BEGIN INFORMATION SHOWN

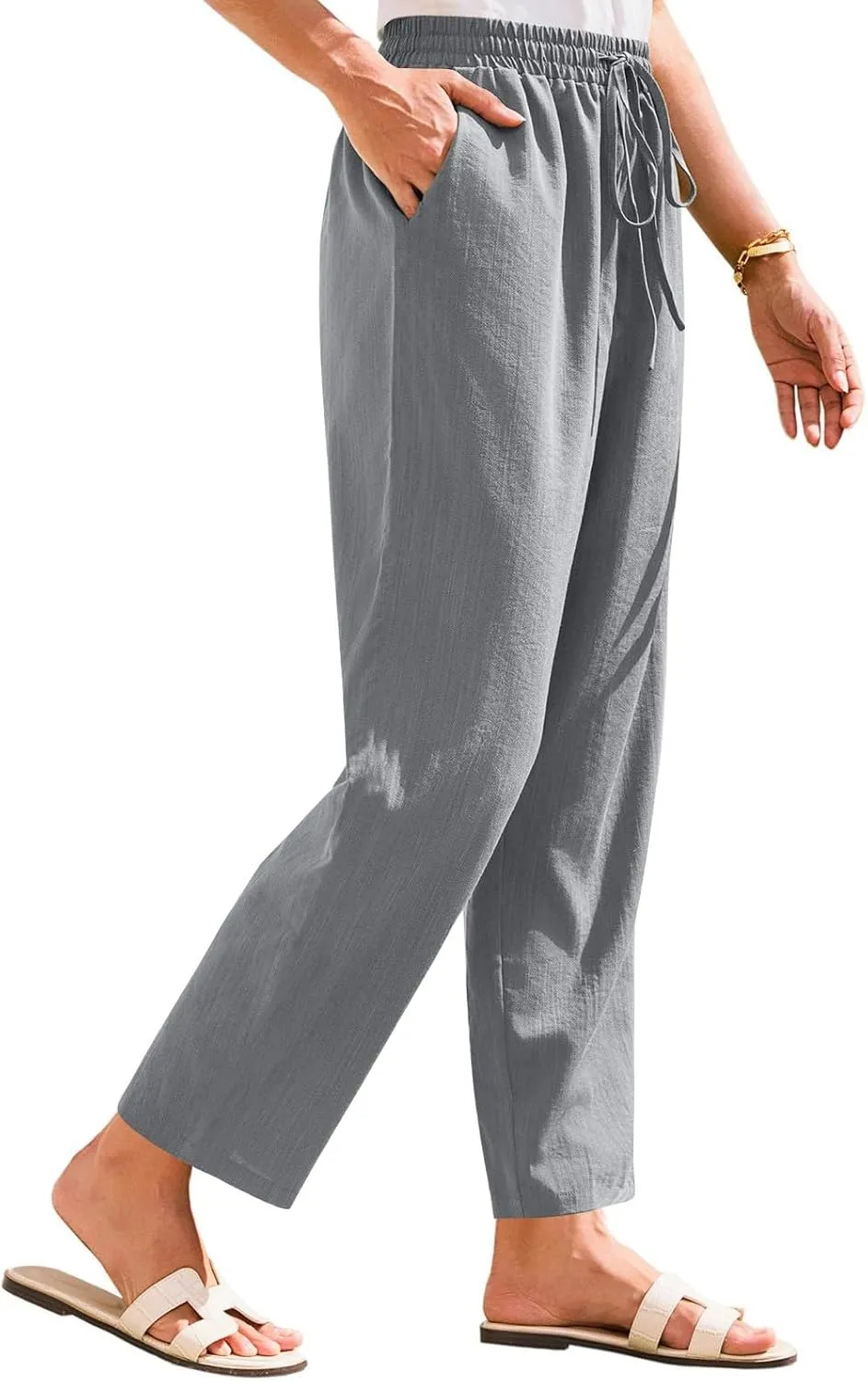 Women Linen Pants Summer Wide Leg High Waist Casual Trousers Elastic Drawstring Beach Lounge Pants with Pockets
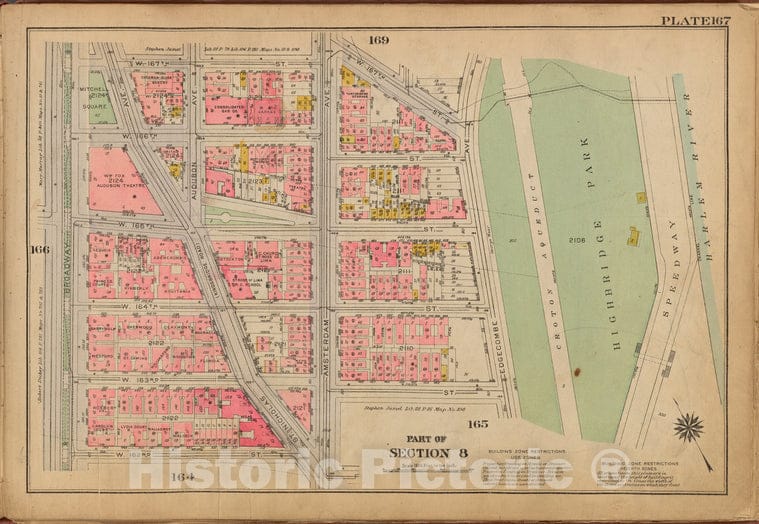 Historic 1921 Map - Plate 167: [Bounded By W. 167Th Street, (Croton Aqueduct, Highbr - Vintage Wall Art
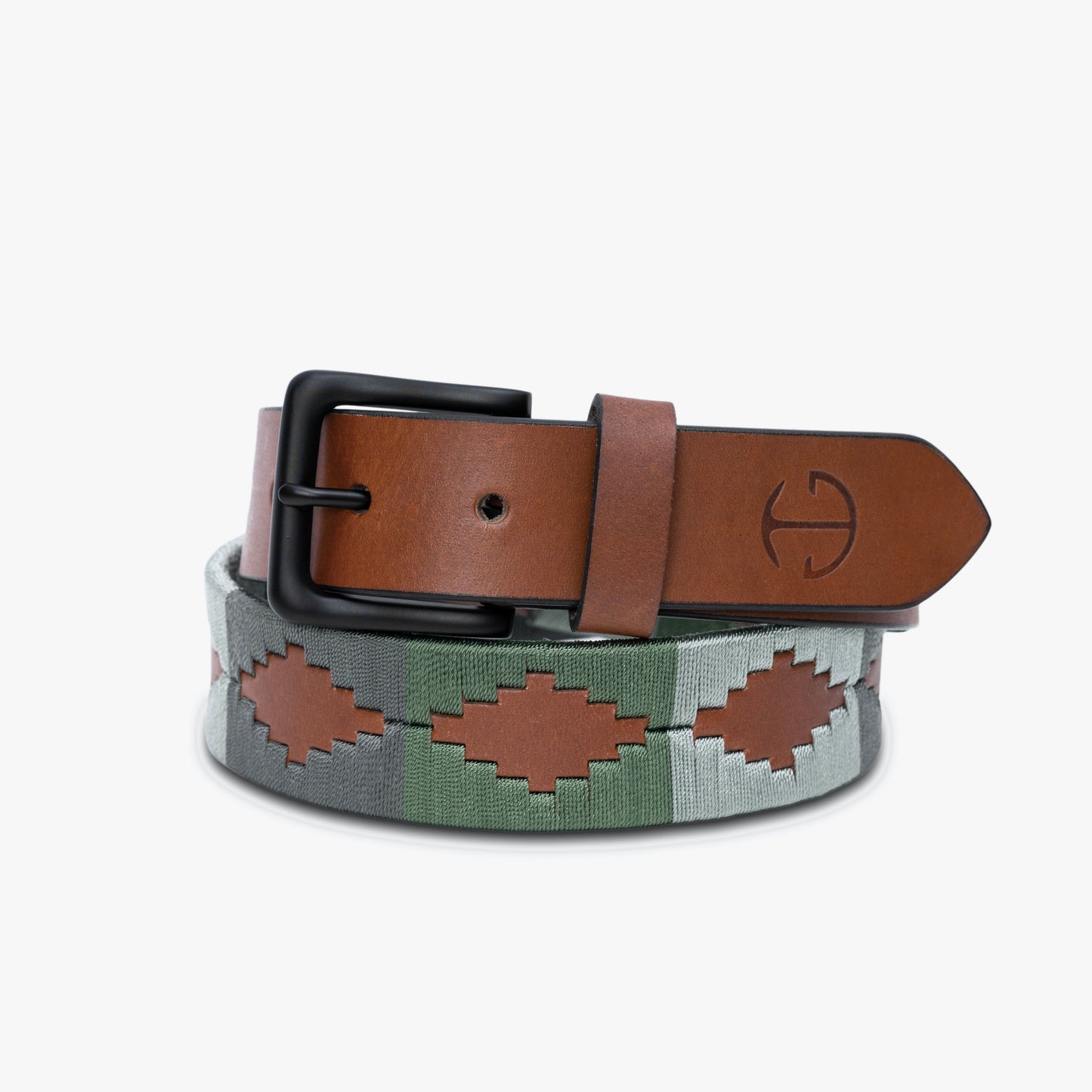 Halter Ego - El Valle  - Sage Green, Willow & Silver Cognac Leather Polo Belt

END INFORMATION SHOWN

ACTIVITY:
The lines from the one containing "Historic 1921 Map" through the last line above are to be repeated exactly, and only those. Any pictures must be left out.

RESULT OF THE TASK:
 Historic 1921 Map - Plate 167: [Bounded By W. 167Th Street, (Croton Aqueduct, Highbr - Vintage Wall Art
 Halter Ego - El Valle  - Sage Green, Willow & Silver Cognac Leather Polo Belt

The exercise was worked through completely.